> _What you should do_
The result should be an exact copy of every record, with no pictures kept.

> _Given records_
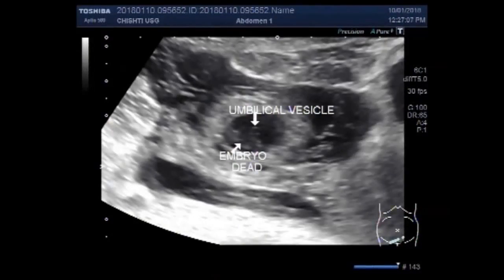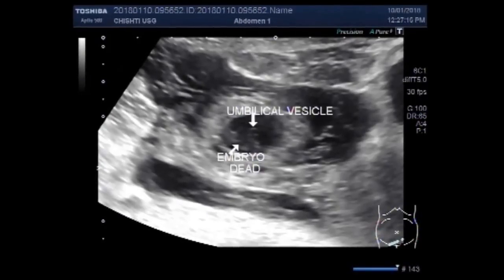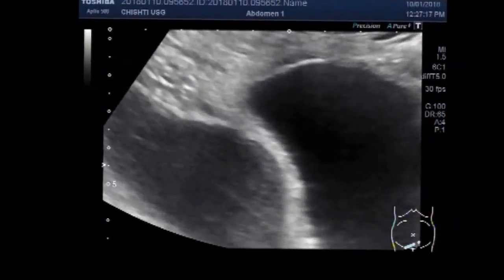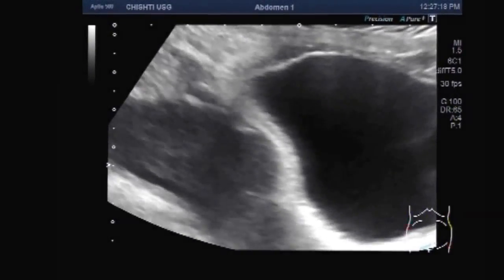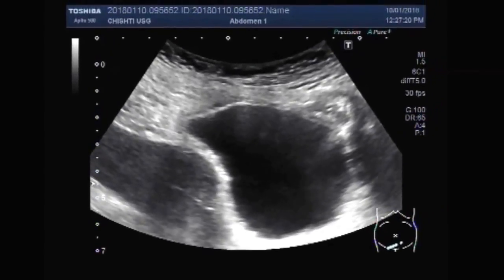Dear viewers, I hope you are all fine. This ultrasound video shows an extra-uterine pregnancy with a dead embryo — an ovarian pregnancy.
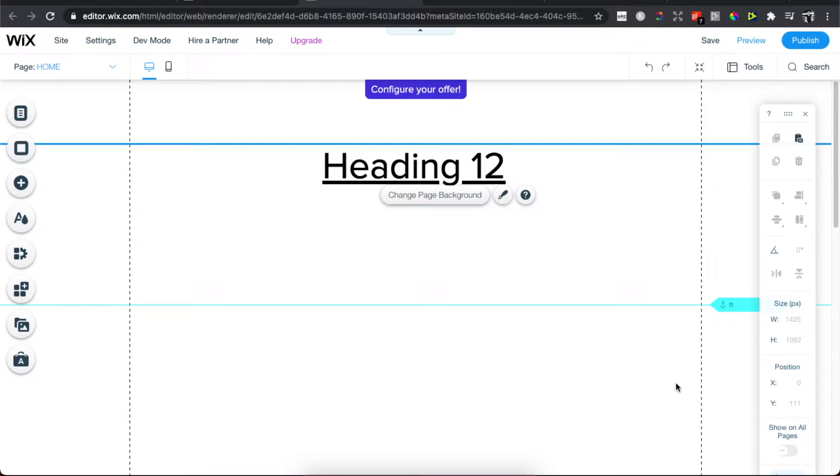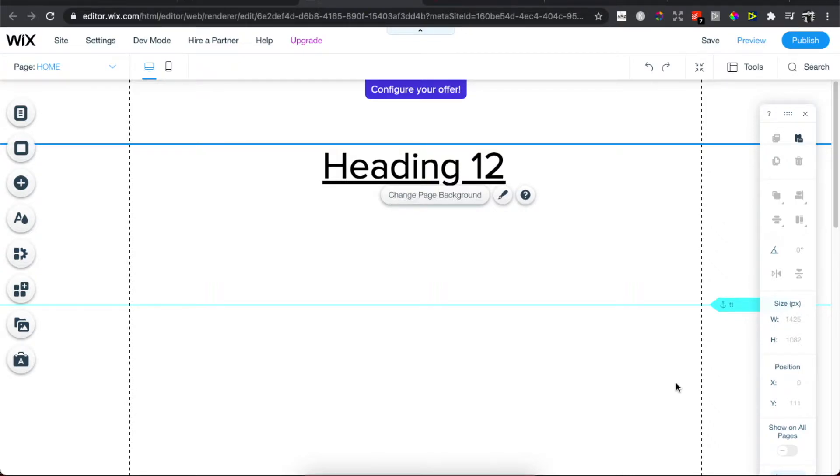Hey guys, in this video I will show you how you can change font size on Wix. It's really fast and easy and it will take you less than a second to do this. So first, of course, you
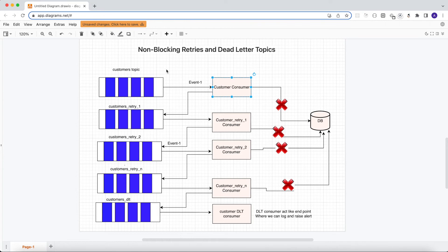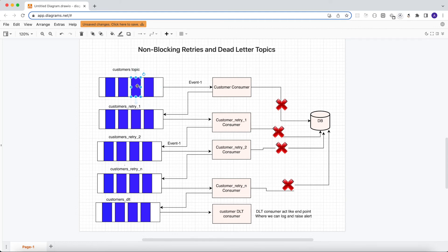Consider that event one comes first and then event two comes. If event one fails to process, we push it into customers_retry, and the customer consumer picks up event two and processes it successfully. This means event two is processed before event one. With this approach we will not have an in-order processing guarantee, but this approach provides more responsiveness and avoids bottlenecks.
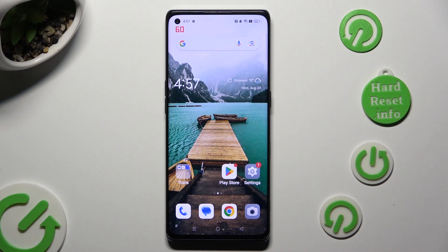Hi! In front of me is the OPPO Find X3 Neo, and today I would like to show you how you can resize icons.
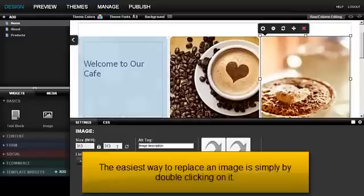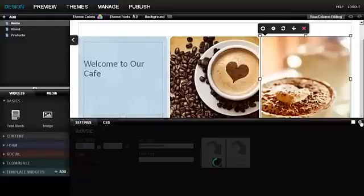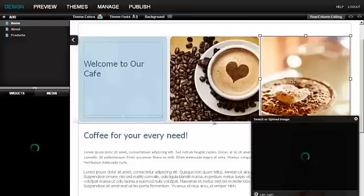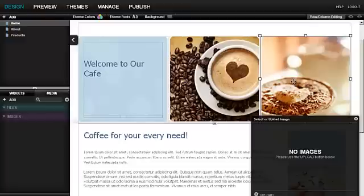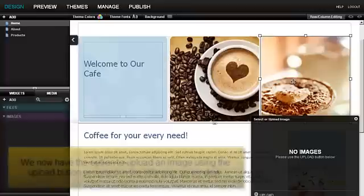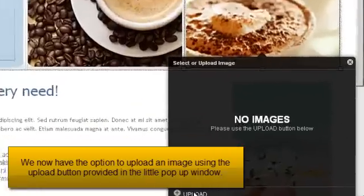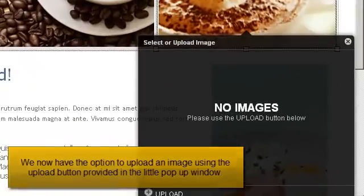The easiest way to replace an image is simply by double clicking on it. We now have the option to upload an image using the Upload button provided in the little pop-up window.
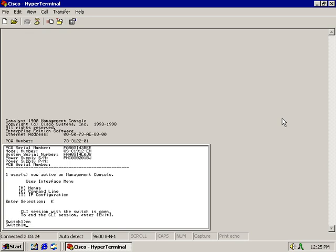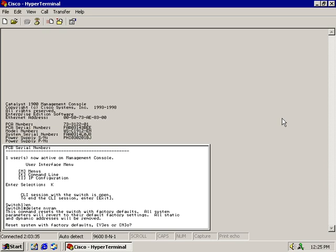Now I'm just going to do a delete nvram. So the command to delete my current startup configuration is delete nvram. Hit enter.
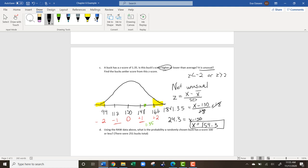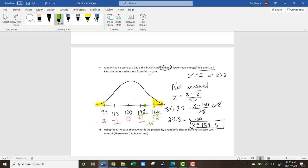Let's check our work. If a buck has a z-score of 1.35, that's between z=1 and z=2, and looking at the distribution, the corresponding antler score should be between 148 and 166. Since 154.3 is between 148 and 166, we can feel confident we got the right answer.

> _Solution to this exercise_
Dear viewers, I hope you are all fine. This ultrasound video shows an extra-uterine pregnancy with a dead embryo — an ovarian pregnancy.
Hey guys, in this video I will show you how you can change font size on Wix. It's really fast and easy and it will take you less than a second to do this. So first, of course, you
Consider that event one comes first and then event two comes. If event one fails to process, we push it into customers_retry, and the customer consumer picks up event two and processes it successfully. This means event two is processed before event one. With this approach we will not have an in-order processing guarantee, but this approach provides more responsiveness and avoids bottlenecks.
Hi! In front of me is the OPPO Find X3 Neo, and today I would like to show you how you can resize icons.
The easiest way to replace an image is simply by double clicking on it. We now have the option to upload an image using the Upload button provided in the little pop-up window.
Now I'm just going to do a delete nvram. So the command to delete my current startup configuration is delete nvram. Hit enter.
Let's check our work. If a buck has a z-score of 1.35, that's between z=1 and z=2, and looking at the distribution, the corresponding antler score should be between 148 and 166. Since 154.3 is between 148 and 166, we can feel confident we got the right answer.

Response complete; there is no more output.